- [MATERIAL FOR THIS EXERCISE]:
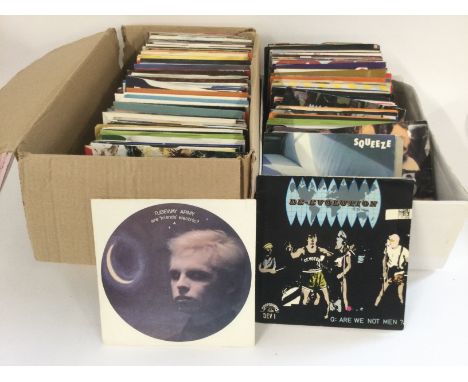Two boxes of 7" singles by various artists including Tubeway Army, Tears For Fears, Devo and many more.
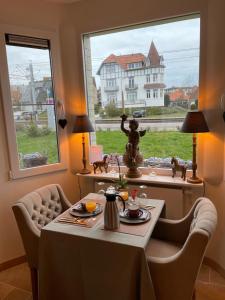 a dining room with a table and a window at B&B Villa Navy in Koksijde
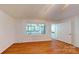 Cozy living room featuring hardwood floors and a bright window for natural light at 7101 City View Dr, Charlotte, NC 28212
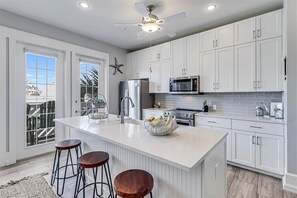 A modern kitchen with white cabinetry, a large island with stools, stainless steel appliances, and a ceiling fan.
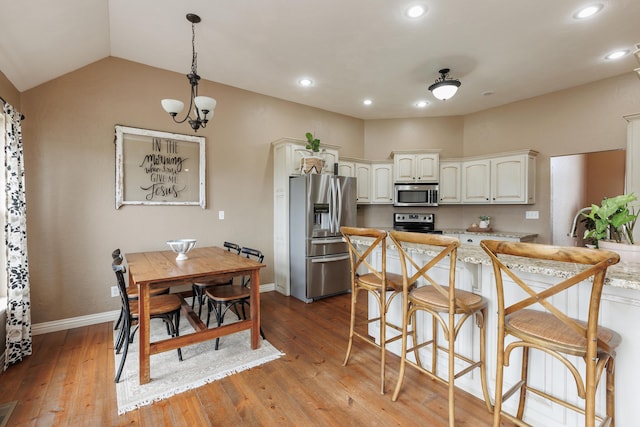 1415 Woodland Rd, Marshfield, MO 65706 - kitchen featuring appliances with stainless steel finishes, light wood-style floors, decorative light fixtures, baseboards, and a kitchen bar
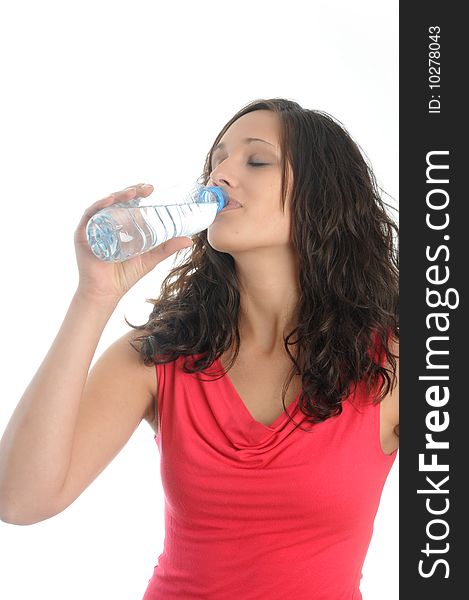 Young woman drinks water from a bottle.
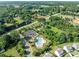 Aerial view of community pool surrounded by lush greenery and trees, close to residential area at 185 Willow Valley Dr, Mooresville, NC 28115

---

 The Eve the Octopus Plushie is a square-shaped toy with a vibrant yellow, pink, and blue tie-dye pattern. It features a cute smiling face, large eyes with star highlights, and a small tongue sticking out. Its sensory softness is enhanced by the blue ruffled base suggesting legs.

* * *

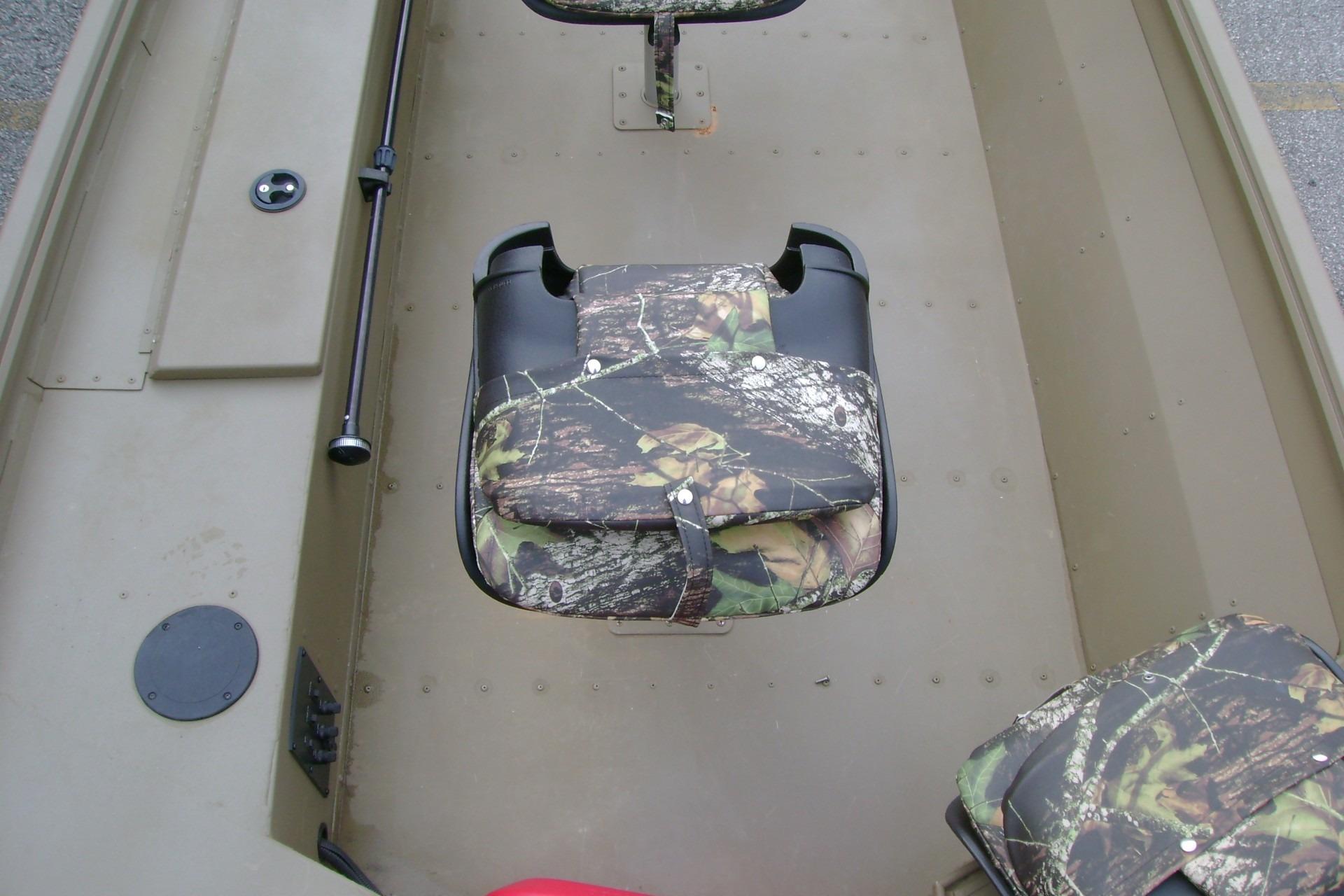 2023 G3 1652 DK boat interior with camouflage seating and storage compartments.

- [TASK DIRECTIONS]: Starting at the line above that holds "1415 Woodland Rd, Marshfield, MO", return each line up to and including the one that holds "Aerial view of", exactly as written, minus any pictures.

- [SOLUTION TO THE PROBLEM]:
 1415 Woodland Rd, Marshfield, MO 65706 - kitchen featuring appliances with stainless steel finishes, light wood-style floors, decorative light fixtures, baseboards, and a kitchen bar
 Young woman drinks water from a bottle.
 Aerial view of community pool surrounded by lush greenery and trees, close to residential area at 185 Willow Valley Dr, Mooresville, NC 28115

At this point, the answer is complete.